▸ **What is required**
Only the stretch of the listing below that runs from the line with "Spacious back yard" through the line with "XTROWS Cheque Deposit Kiosk — view 3" is to be printed, exactly and with both ends.

▸ **Available records**
....................

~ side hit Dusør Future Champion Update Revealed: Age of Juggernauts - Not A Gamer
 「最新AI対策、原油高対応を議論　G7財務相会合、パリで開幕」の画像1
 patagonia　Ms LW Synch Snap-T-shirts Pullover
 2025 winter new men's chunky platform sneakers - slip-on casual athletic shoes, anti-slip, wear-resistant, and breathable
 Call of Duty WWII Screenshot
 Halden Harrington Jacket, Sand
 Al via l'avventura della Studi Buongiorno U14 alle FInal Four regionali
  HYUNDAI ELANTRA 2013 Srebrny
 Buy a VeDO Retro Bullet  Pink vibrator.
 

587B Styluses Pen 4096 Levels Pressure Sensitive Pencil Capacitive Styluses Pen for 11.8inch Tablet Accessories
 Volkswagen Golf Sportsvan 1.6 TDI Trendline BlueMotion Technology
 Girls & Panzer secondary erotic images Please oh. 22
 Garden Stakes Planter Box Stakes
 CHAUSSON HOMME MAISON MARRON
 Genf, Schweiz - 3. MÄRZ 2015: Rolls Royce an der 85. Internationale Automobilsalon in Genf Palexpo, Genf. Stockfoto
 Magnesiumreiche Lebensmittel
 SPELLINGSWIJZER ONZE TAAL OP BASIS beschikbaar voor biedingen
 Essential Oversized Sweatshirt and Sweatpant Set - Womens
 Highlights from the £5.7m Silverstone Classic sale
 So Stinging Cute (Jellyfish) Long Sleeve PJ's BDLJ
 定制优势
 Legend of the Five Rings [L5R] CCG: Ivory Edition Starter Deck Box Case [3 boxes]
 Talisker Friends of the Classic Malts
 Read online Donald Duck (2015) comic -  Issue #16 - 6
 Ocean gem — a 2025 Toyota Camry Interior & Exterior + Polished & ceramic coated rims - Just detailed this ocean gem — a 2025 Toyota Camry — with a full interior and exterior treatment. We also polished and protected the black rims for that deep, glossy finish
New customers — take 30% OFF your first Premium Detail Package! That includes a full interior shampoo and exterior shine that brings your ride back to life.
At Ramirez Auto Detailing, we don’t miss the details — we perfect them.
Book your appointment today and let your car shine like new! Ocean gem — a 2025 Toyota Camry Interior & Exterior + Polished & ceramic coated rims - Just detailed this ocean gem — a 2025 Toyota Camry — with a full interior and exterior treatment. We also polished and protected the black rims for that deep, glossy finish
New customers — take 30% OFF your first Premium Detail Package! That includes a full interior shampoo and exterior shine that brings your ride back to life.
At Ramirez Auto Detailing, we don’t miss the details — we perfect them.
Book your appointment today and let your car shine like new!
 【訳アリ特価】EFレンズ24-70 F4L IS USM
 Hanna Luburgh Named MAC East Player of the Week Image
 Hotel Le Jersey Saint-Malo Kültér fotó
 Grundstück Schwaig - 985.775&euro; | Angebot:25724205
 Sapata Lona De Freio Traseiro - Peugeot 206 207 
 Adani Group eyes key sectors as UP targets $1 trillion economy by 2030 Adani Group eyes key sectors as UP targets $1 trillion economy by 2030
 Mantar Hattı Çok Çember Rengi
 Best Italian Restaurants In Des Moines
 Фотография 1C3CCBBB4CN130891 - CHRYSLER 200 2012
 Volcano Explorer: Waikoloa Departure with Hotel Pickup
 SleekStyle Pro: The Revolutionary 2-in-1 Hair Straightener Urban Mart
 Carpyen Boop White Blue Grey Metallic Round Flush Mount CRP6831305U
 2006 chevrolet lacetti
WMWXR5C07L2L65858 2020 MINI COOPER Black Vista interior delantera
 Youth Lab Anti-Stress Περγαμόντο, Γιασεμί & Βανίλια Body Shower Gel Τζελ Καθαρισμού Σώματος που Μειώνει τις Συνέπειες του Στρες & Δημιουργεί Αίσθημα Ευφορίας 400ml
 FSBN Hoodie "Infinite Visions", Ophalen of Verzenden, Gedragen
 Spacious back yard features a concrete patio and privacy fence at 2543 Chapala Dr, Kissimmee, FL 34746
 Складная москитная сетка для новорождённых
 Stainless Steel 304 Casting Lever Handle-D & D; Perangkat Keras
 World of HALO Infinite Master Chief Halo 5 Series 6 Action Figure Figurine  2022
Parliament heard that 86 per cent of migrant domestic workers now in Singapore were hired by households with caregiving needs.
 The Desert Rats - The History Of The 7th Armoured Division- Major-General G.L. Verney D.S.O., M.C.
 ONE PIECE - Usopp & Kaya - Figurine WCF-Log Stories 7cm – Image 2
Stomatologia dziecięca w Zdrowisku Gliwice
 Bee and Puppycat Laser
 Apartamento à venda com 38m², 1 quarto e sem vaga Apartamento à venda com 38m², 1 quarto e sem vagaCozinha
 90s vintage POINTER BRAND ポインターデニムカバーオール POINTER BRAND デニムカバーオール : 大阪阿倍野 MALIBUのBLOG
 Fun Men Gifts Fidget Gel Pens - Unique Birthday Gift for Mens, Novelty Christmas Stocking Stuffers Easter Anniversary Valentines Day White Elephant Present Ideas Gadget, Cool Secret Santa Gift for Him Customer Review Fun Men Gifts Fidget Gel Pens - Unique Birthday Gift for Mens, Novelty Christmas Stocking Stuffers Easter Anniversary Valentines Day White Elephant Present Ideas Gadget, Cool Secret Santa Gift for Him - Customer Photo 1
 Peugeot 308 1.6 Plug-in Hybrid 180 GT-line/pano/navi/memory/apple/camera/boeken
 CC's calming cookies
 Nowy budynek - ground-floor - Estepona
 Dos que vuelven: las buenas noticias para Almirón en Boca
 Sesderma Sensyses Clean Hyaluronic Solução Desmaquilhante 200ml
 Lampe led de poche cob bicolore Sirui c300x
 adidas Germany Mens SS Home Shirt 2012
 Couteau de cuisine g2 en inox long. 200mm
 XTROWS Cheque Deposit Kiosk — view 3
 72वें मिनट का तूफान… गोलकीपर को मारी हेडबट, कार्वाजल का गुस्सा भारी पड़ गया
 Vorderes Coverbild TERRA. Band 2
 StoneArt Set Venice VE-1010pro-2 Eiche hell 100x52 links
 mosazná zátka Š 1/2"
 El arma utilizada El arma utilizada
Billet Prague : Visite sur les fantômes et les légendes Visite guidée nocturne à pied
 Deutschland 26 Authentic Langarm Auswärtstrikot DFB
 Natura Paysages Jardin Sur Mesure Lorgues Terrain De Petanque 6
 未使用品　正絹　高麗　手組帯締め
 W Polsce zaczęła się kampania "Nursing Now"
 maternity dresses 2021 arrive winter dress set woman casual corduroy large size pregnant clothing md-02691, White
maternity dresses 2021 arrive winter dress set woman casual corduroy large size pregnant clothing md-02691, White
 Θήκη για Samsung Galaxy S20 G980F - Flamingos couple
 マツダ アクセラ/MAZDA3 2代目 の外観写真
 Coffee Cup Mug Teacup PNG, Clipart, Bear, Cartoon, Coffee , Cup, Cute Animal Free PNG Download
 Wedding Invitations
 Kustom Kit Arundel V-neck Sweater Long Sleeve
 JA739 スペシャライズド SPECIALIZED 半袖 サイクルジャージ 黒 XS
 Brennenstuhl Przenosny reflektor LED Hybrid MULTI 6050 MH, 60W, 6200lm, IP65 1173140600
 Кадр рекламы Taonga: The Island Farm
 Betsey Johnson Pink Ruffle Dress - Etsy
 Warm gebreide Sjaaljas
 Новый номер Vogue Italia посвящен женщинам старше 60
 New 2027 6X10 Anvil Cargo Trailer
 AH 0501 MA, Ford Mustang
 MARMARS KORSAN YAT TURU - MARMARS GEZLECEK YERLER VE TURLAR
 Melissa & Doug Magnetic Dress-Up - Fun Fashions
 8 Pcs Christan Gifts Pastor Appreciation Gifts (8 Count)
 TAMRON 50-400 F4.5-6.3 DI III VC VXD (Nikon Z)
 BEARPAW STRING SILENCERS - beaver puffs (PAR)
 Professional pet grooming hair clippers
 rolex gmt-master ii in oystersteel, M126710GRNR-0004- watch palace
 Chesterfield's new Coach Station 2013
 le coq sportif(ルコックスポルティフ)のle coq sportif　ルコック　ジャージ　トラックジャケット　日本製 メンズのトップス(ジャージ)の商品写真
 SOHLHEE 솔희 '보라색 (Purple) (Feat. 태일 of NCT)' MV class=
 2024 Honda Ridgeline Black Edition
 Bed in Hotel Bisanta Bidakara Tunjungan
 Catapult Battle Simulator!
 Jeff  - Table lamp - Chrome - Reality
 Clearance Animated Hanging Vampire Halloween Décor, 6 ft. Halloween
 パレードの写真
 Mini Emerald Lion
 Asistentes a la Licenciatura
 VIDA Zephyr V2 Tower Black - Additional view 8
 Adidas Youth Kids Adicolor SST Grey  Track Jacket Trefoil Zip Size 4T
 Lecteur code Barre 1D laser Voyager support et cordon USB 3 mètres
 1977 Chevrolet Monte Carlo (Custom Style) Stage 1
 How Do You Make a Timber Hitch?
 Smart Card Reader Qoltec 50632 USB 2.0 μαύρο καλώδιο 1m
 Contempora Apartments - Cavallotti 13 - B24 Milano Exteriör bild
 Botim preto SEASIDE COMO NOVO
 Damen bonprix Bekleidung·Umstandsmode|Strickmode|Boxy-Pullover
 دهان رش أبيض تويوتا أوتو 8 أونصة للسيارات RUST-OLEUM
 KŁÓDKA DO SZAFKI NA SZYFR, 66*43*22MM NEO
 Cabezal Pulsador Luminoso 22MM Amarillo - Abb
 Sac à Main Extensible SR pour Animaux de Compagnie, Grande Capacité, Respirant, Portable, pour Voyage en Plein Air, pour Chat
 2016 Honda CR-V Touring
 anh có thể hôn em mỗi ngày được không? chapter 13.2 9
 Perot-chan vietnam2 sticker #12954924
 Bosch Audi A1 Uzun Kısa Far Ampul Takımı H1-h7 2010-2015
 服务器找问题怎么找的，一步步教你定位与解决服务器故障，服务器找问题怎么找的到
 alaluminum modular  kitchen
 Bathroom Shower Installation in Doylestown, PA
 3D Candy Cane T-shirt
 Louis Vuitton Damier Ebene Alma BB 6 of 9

....................

▸ **Task solution**
 Spacious back yard features a concrete patio and privacy fence at 2543 Chapala Dr, Kissimmee, FL 34746
 Складная москитная сетка для новорождённых
 Stainless Steel 304 Casting Lever Handle-D & D; Perangkat Keras
 World of HALO Infinite Master Chief Halo 5 Series 6 Action Figure Figurine  2022
Parliament heard that 86 per cent of migrant domestic workers now in Singapore were hired by households with caregiving needs.
 The Desert Rats - The History Of The 7th Armoured Division- Major-General G.L. Verney D.S.O., M.C.
 ONE PIECE - Usopp & Kaya - Figurine WCF-Log Stories 7cm – Image 2
Stomatologia dziecięca w Zdrowisku Gliwice
 Bee and Puppycat Laser
 Apartamento à venda com 38m², 1 quarto e sem vaga Apartamento à venda com 38m², 1 quarto e sem vagaCozinha
 90s vintage POINTER BRAND ポインターデニムカバーオール POINTER BRAND デニムカバーオール : 大阪阿倍野 MALIBUのBLOG
 Fun Men Gifts Fidget Gel Pens - Unique Birthday Gift for Mens, Novelty Christmas Stocking Stuffers Easter Anniversary Valentines Day White Elephant Present Ideas Gadget, Cool Secret Santa Gift for Him Customer Review Fun Men Gifts Fidget Gel Pens - Unique Birthday Gift for Mens, Novelty Christmas Stocking Stuffers Easter Anniversary Valentines Day White Elephant Present Ideas Gadget, Cool Secret Santa Gift for Him - Customer Photo 1
 Peugeot 308 1.6 Plug-in Hybrid 180 GT-line/pano/navi/memory/apple/camera/boeken
 CC's calming cookies
 Nowy budynek - ground-floor - Estepona
 Dos que vuelven: las buenas noticias para Almirón en Boca
 Sesderma Sensyses Clean Hyaluronic Solução Desmaquilhante 200ml
 Lampe led de poche cob bicolore Sirui c300x
 adidas Germany Mens SS Home Shirt 2012
 Couteau de cuisine g2 en inox long. 200mm
 XTROWS Cheque Deposit Kiosk — view 3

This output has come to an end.